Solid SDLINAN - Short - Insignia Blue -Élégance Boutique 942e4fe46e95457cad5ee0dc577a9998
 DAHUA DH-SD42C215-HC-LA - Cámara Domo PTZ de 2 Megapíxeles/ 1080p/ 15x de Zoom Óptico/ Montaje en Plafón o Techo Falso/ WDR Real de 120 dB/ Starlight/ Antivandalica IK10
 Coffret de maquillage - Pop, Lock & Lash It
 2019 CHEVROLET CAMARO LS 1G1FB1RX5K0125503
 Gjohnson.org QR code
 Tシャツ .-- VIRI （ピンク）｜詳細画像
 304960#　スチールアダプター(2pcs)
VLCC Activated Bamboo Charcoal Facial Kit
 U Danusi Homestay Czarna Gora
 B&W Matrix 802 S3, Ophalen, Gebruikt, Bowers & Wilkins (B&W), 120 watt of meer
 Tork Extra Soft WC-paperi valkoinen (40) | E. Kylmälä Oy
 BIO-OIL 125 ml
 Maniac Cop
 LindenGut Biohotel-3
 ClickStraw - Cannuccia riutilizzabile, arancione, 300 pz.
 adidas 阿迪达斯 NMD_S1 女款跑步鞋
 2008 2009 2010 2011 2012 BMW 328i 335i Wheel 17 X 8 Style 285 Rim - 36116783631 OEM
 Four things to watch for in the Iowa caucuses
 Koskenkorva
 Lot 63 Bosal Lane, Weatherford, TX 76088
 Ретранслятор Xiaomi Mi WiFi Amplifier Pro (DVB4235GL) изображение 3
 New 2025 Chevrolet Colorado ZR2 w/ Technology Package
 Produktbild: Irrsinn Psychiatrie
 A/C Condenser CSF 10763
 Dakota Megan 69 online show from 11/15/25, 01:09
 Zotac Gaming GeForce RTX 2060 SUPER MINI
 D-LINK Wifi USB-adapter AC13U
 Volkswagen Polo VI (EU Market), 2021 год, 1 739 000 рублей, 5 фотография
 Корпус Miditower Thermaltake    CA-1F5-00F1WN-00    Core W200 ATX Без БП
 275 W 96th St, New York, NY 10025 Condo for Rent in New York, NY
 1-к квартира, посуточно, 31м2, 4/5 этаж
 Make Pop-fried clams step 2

**********

#### Exercise directions:
Your response should be the lines above from the first to the one containing "Coffret de maquillage - Pop, Lock & Lash It", inclusive, each given exactly.

#### Solution for this task:
Solid SDLINAN - Short - Insignia Blue -Élégance Boutique 942e4fe46e95457cad5ee0dc577a9998
 DAHUA DH-SD42C215-HC-LA - Cámara Domo PTZ de 2 Megapíxeles/ 1080p/ 15x de Zoom Óptico/ Montaje en Plafón o Techo Falso/ WDR Real de 120 dB/ Starlight/ Antivandalica IK10
 Coffret de maquillage - Pop, Lock & Lash It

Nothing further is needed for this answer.